Deverell a également mentionné que la Grande-Bretagne était parmi la « poignée d’alliés [qui dépense] 20% sur les équipements majeurs ». Faux. Il y a 13 pays qui dépensent au moins autant et le Royaume-Uni ne se classe qu’au 10ème rang, surpassé par la Roumanie, le Luxembourg, la Lituanie, la Turquie, la Bulgarie, les Etats-Unis, la Norvège et la France, dans cet ordre.

Ce que Deverell n’a pas mentionné, c’est que le Royaume-Uni arrive en dernière position lorsqu’il s’agit de dépenses pour le personnel militaire et civil (c’est-à-dire leurs salaires) et pour leurs pensions. Il serait intéressant de savoir si le Portugal, qui occupe la première place, dépensant 78,03% de son budget en salaires et en pensions, compte des troupes plus heureuses que celles de la Grande Bretagne et si Lisbonne à moins de mal à recruter que Londres…

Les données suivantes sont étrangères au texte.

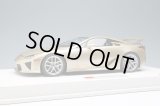 EIDOLON 1/18 Lexus LFA 2010 Rear Wing up Crystal Gold Limited 30 pcs.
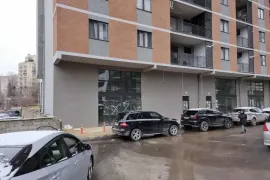 ქირავდება, სავაჭრო ფართი, გლდანი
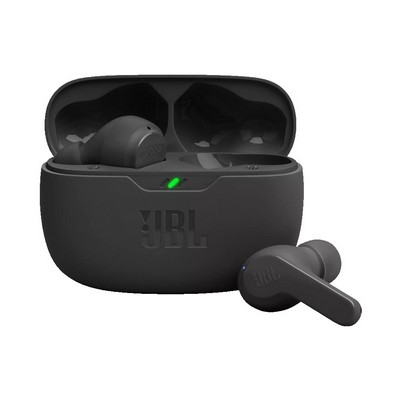 JBL Vibe Beam True Wireless Earbuds - Black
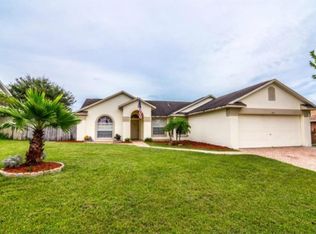 163 Bexley Blvd, Ocoee, FL 34761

Figures compilées à partir de celles sur le site de l'OTAN.

Figures compilées à partir de celles sur le site de l’OTAN.

* La Conférence internationale sur le développement et l’expérimentation des concepts (ICDE) est le forum annuel du Commandement suprême allié de l’OTAN et des états-majors interarmées des États-Unis pour débattre des questions les plus actuelles de développement de concepts et d’expérimentation dans le processus de développement des capacités.